Principal Data Scientist – Conversational AI | USA | Apply Now

Filled
February 24, 2026

Job Description

A global retail and technology leader, Walmart, is seeking a Principal Data Scientist to join its Next Gen Commerce team in Sunnyvale, California. This high-impact leadership role focuses on building the future of conversational shopping through intelligent AI agents that reason, recommend, and proactively assist customers. You will serve as the technical authority for defining, measuring, and improving AI quality using advanced evaluation frameworks, LLM-as-a-judge systems, and automated pipelines.

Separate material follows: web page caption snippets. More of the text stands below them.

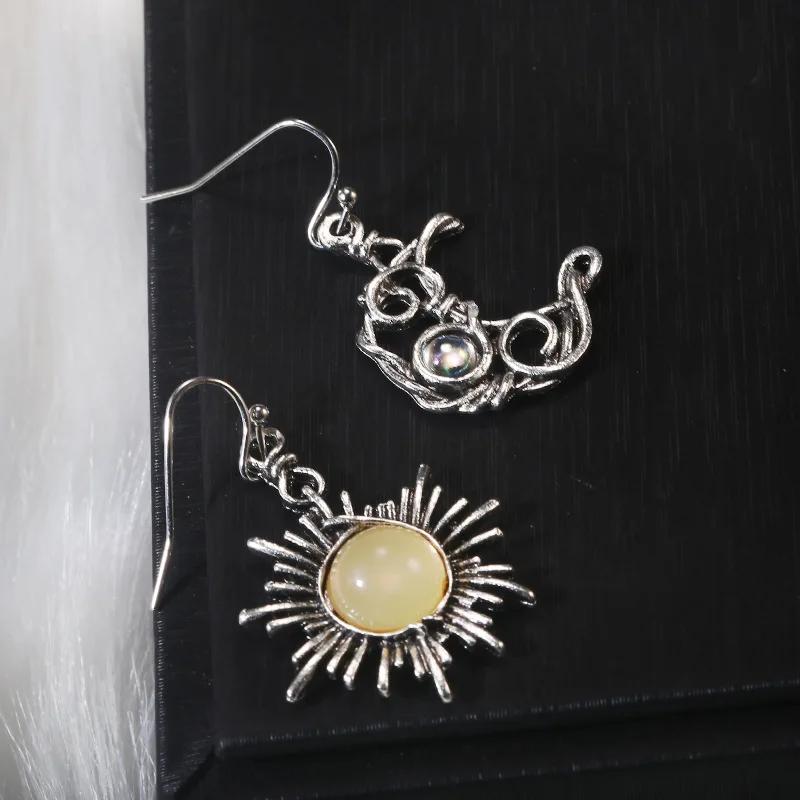 

1 штука европейских и американских богемных асимметричных модных серег с лунным камнем в виде солнца и луны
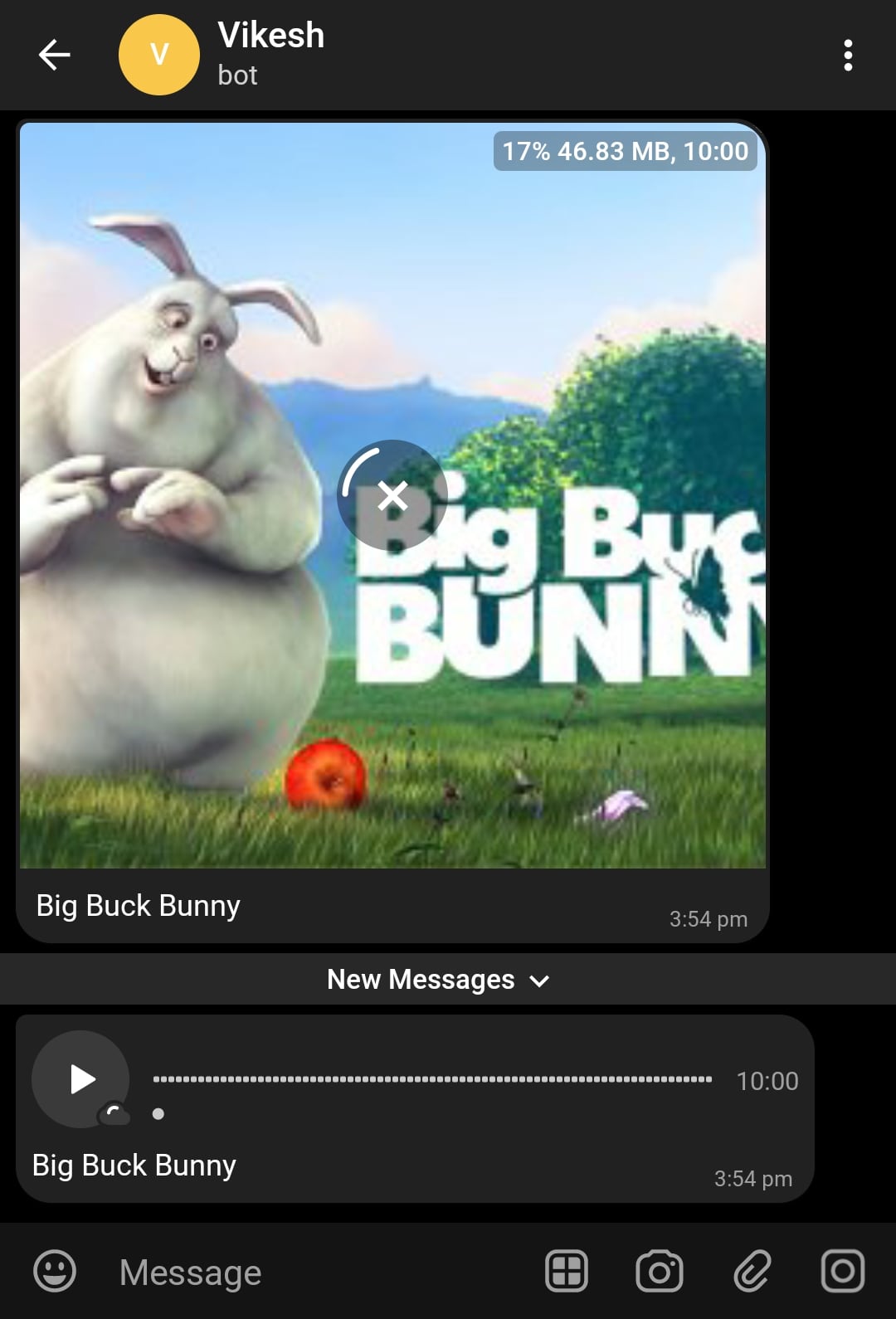 Example of sending video and voice to Telegram using Bot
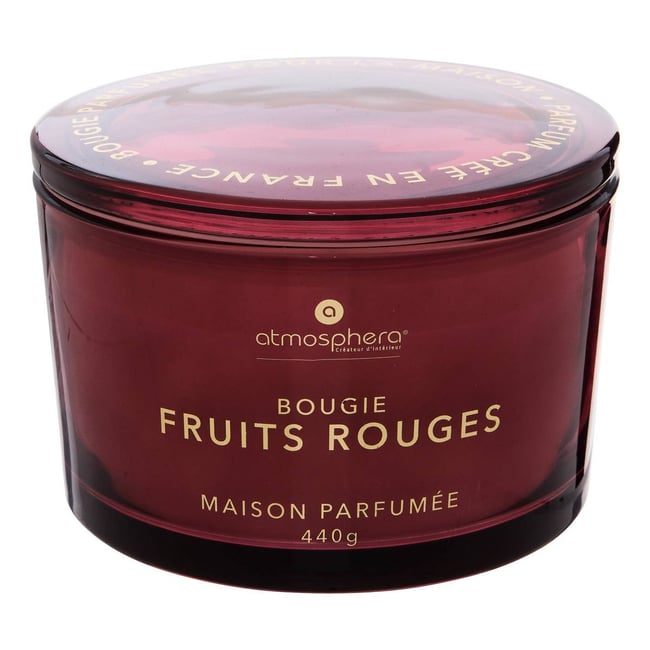 Bougie parfumée 440g pot en verre à couvercle GLOWY - ATMOSPHERA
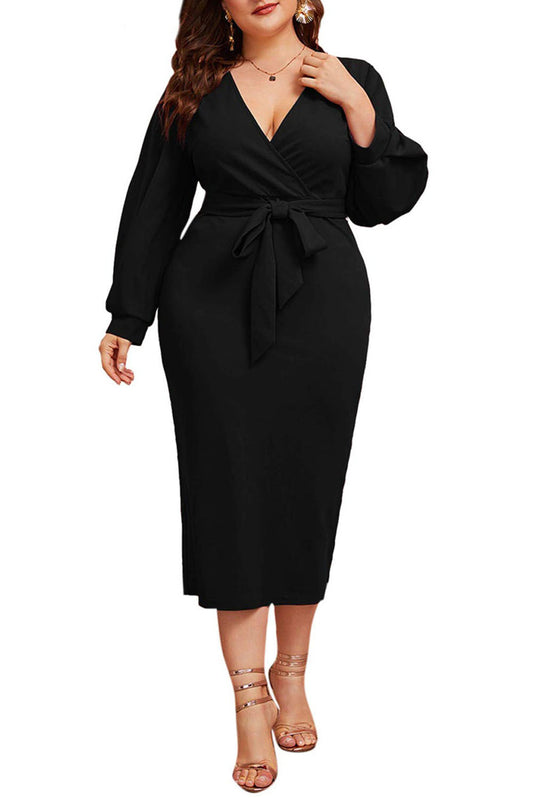 Black Plus Size Surplice Lantern Sleeve Belted Bodycon Dress Plus Size JT's Designer Fashion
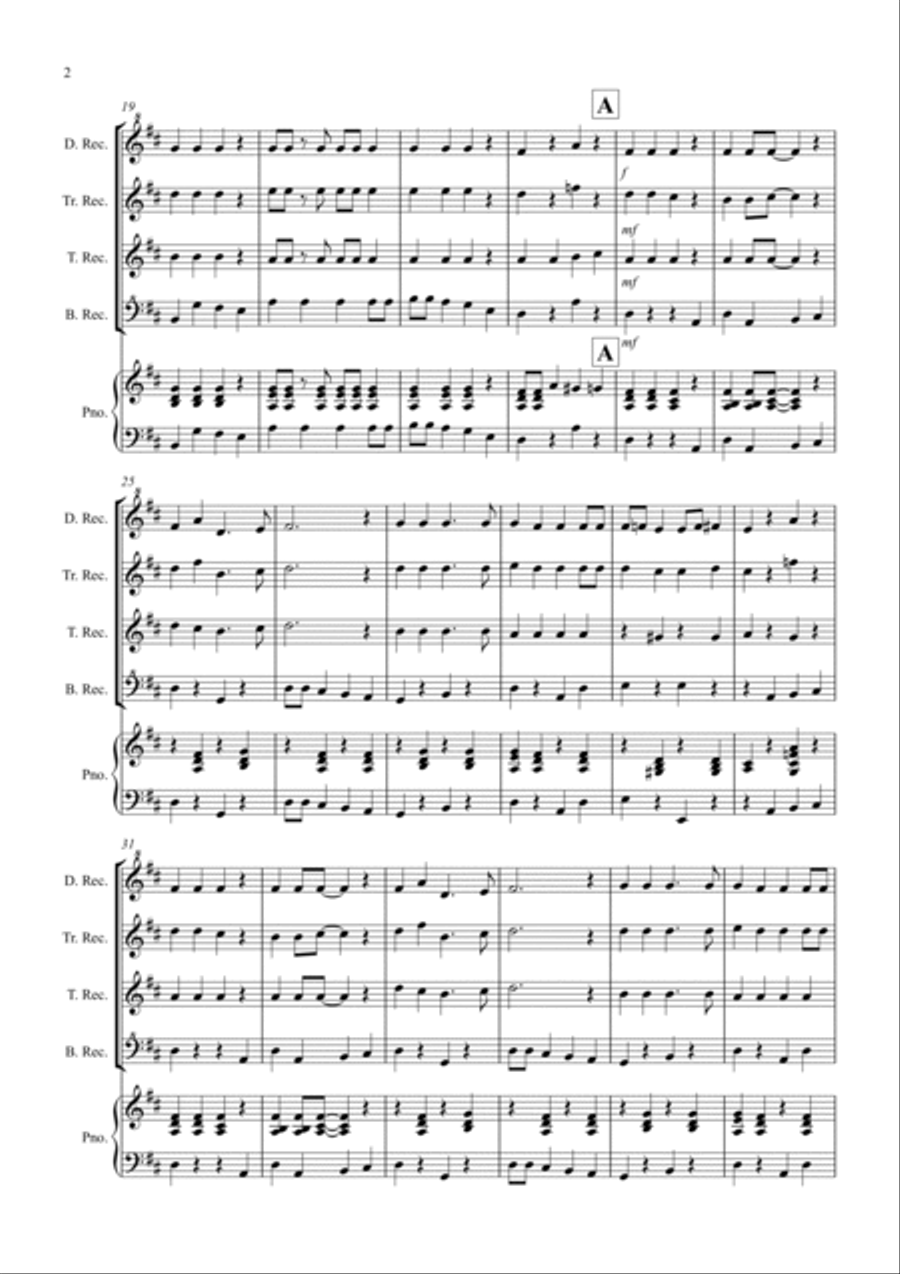 Jingle Bells (Jazzy Style!) for Recorder Quartet Jingle Bells (Jazzy Style!) for Recorder Quartet Recorder scores gallery preview page 2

The ideal candidate will bring deep expertise in Generative AI, large language models, and evaluation methodologies, along with strong hands-on technical leadership. You will collaborate closely with engineering and product teams to translate subjective quality objectives into measurable metrics that drive continuous model improvement and safe deployment at scale.

Key Responsibilities

Design and implement advanced evaluation architectures for conversational AI systems using hybrid scoring and LLM-as-a-judge frameworks

Develop high-precision prompts for evaluator models and calibrate them against human benchmarks to ensure reliability

Lead model distillation and optimization efforts to create scalable and cost-efficient evaluation models

Curate large-scale datasets and “Golden Set” benchmarks from conversational logs to standardize evaluation processes

Integrate quality metrics into CI/CD pipelines for automated regression testing and production monitoring

Conduct deep failure analysis on AI agents, including hallucinations, safety risks, and tool misuse

Leverage evaluation insights to influence modeling teams and prioritize system improvements

Mentor senior data scientists and establish best practices for AI evaluation across the organization

Contribute thought leadership through research publications, patents, or conference presentations

Required Qualifications

Advanced degree (Master’s or PhD) in Computer Science, Statistics, Mathematics, Computational Linguistics, or related field

7+ years of experience in data science or machine learning with a focus on NLP, deep learning, or AI evaluation

Strong expertise in Large Language Models, prompt engineering, and instruction tuning

Proficiency in Python and core ML libraries such as PyTorch, NumPy, Pandas, and Scikit-learn

Experience designing evaluation metrics for non-deterministic AI outputs such as summarization or conversational responses

Knowledge of scalable data pipelines and distributed ML systems

Preferred Qualifications

PhD in Machine Learning, NLP, or a related quantitative discipline

Experience with conversational AI, retrieval-augmented generation (RAG), or recommendation systems in e-commerce environments

Knowledge of model distillation, LoRA, parameter-efficient tuning, or instruction optimization techniques

Publications, patents, or open-source contributions in AI or LLM evaluation

Familiarity with subjective evaluation frameworks for open-ended AI outputs

Compensation & Benefits

The position offers a competitive annual salary ranging from $143,000 to $286,000, along with performance bonuses, stock opportunities, and a comprehensive benefits package. Benefits include medical, dental, and vision coverage, retirement plans, paid time off, parental leave, disability coverage, employee discounts, and education assistance programs.